#### Your task:
The lines you should transcribe are those from the one containing "Royal Stay Hotel" to the end of the listing below, exactly, with pictures left out.
"""
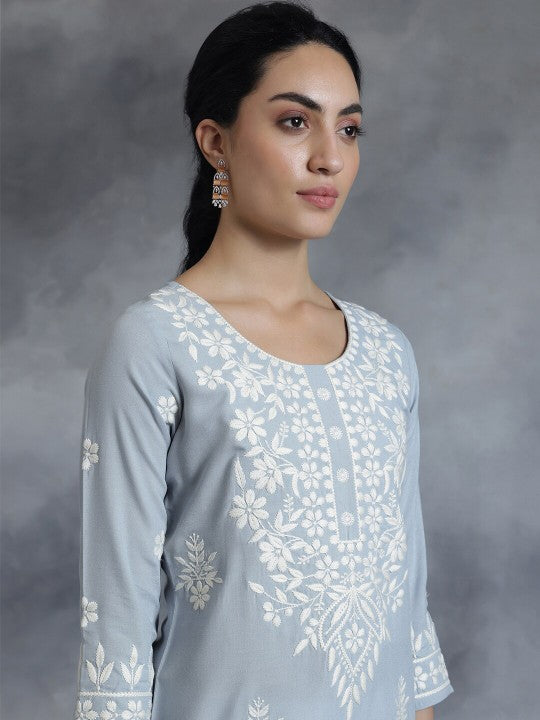 ethnic-motifs-embroidered-straight-kurta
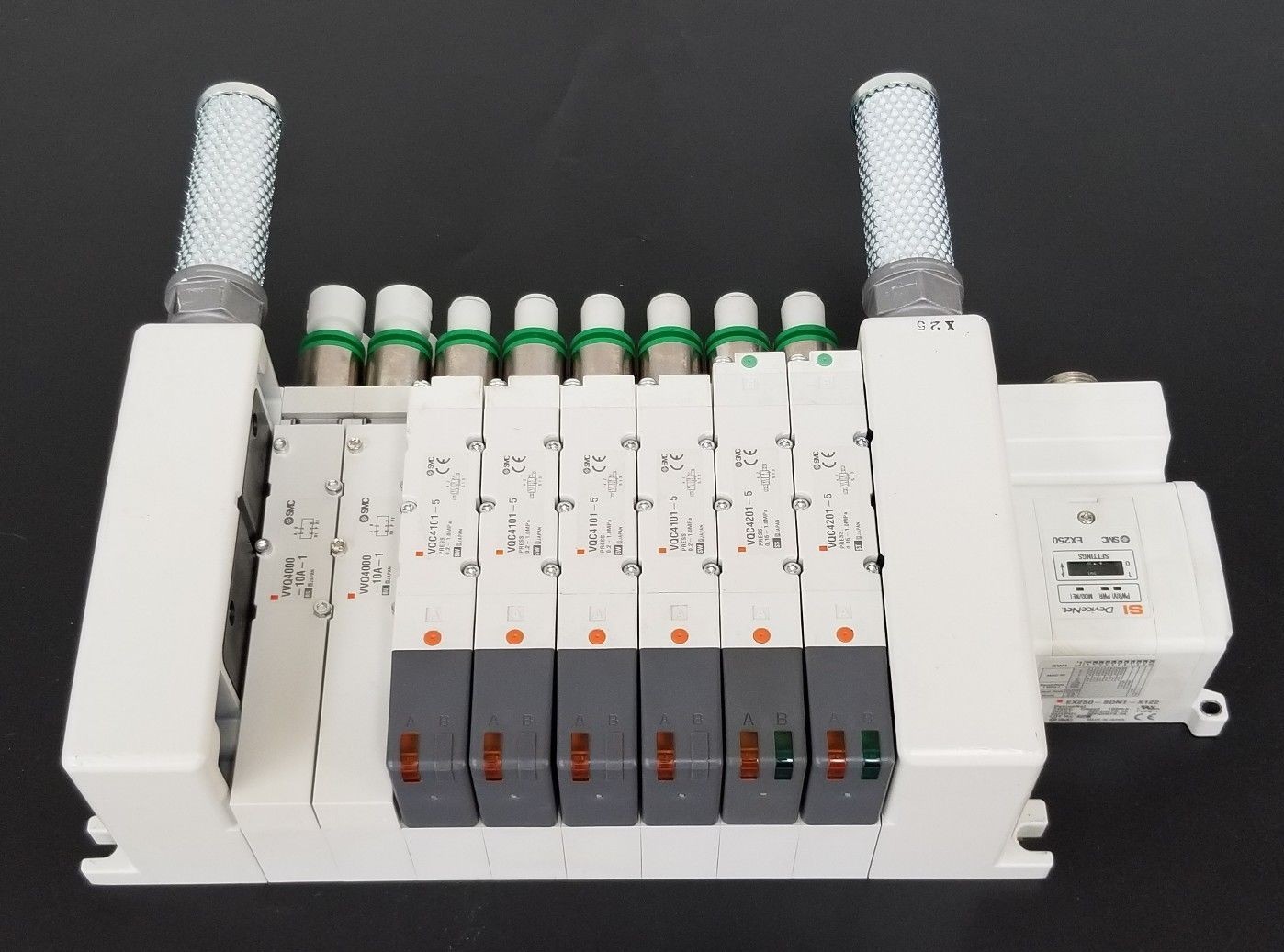 Used SMC VV5QC41-08C12FSDQN0-X25 VALVE MANIFOLD W/ EX250-SDN1-X122 I/O SI UNIT
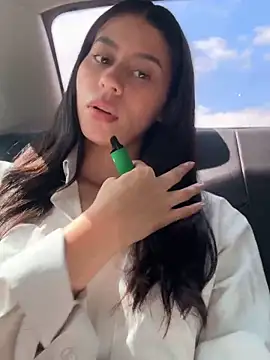 hannah brady online show from 3, 3, 2025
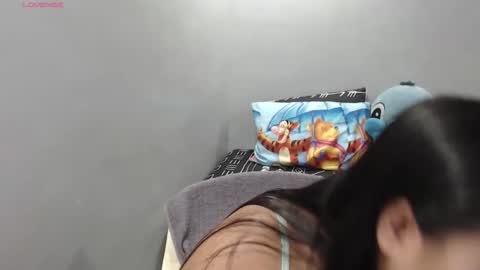 Snapshot of bubblebuttpinay chatting on 12.02.25 Sunshine online show from 12.02.25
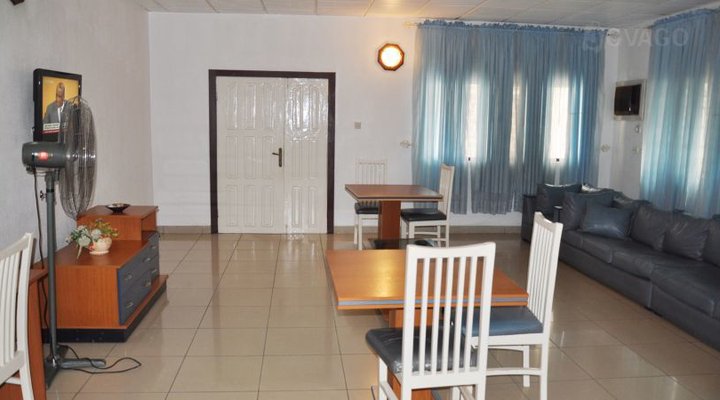 Royal Stay Hotel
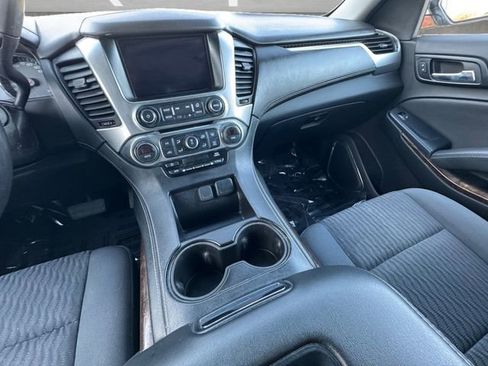 Used 2019 Chevrolet Suburban LS image 3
"""
#### Response area:
 Royal Stay Hotel
 Used 2019 Chevrolet Suburban LS image 3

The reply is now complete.